PGIM Launches First Private Credit CIT for Defined Contribution Plans

PGIM, the asset management business of Prudential Financial Inc. (NYSE: PRU), has launched its first private credit collective investment trust for defined contribution, or DC, retirement plans. The vehicle, formally named the PGIM Investment Grade Private Credit Fund of the Prudential Trust Company Alternative Investments Collective Trust, provides DC plans with exposure to investment-grade private placement and investment-grade asset-based finance securities.

The CIT is trusted and managed by the Prudential Trust Company and sub-advised by PGIM’s multi-sector credit team, which is part of PGIM’s $1.2 trillion credit platform. The fund is designed for use within professionally managed retirement solutions including target date funds, stable value funds, and other white-label or multimanager structures.

PGIM said the launch is the first of several private markets vehicles it intends to bring to the DC channel. The firm said it sub-advises $57 billion in assets across more than 55 CITs on the Prudential Trust Company and Great Gray trustee platforms, and manages $264 billion in private credit assets overall.

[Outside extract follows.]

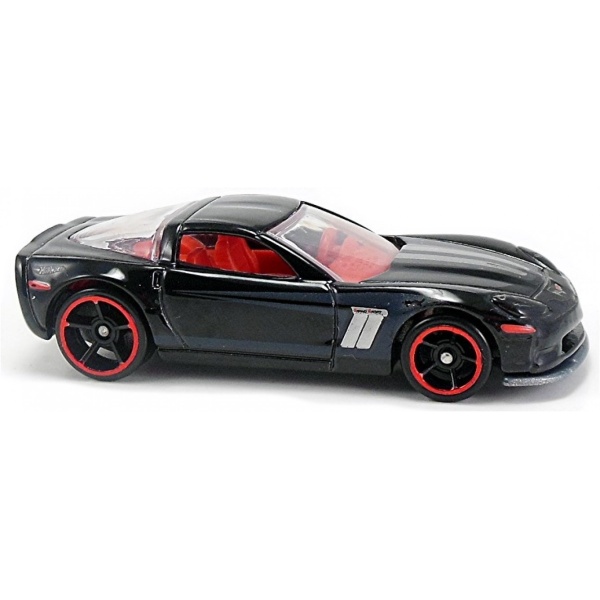 '11 Corvette Grand Sport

“Private markets have long played an important role in institutional portfolios, but access within DC plans has historically been limited,” said Sara Shean, head of institutional DC at PGIM. “This new collective investment trust reflects PGIM’s continued focus on expanding access to private credit through structures that align with the nuanced needs of DC plans while seeking to deliver attractive risk-adjusted outcomes for retirement savers.”

The PGIM launch arrives as the DC channel has become an increasingly active front for private markets product development. In February, AltsWire reported that Invesco launched a private real estate CIT for defined contribution plans, structured as a daily valued vehicle designed for target date funds and managed accounts. In March, the U.S. Department of Labor proposed a safe harbor rule that would give plan sponsors clearer fiduciary footing when selecting alternatives — a development that could accelerate DC adoption of private markets strategies.

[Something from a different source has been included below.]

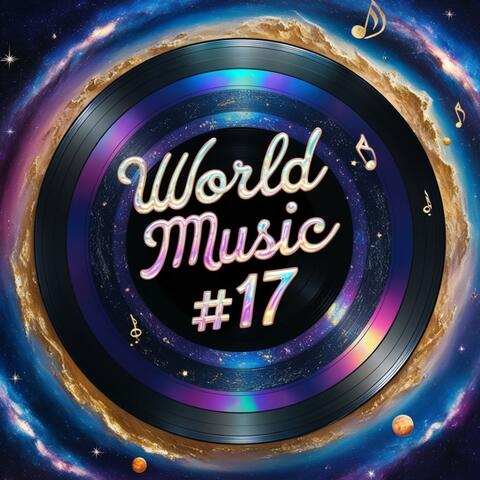 World Music #17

John Vibert, head of credit at PGIM, said the firm’s private credit scale positions it to develop products suited to the operational and liquidity requirements of the retirement channel. PGIM said the multi-sector credit team sources across direct, agented, sponsored, and non-sponsored channels, drawing on the firm’s public and private markets capabilities.

The CIT structure has emerged as a preferred wrapper for asset managers bringing alternative exposures into DC plans, offering lower costs and greater flexibility than ’40 Act mutual funds without the regulatory constraints that apply to insurance-company separate accounts. The DC channel has drawn growing attention from private markets managers as defined benefit plan assets continue to decline relative to defined contribution accumulation.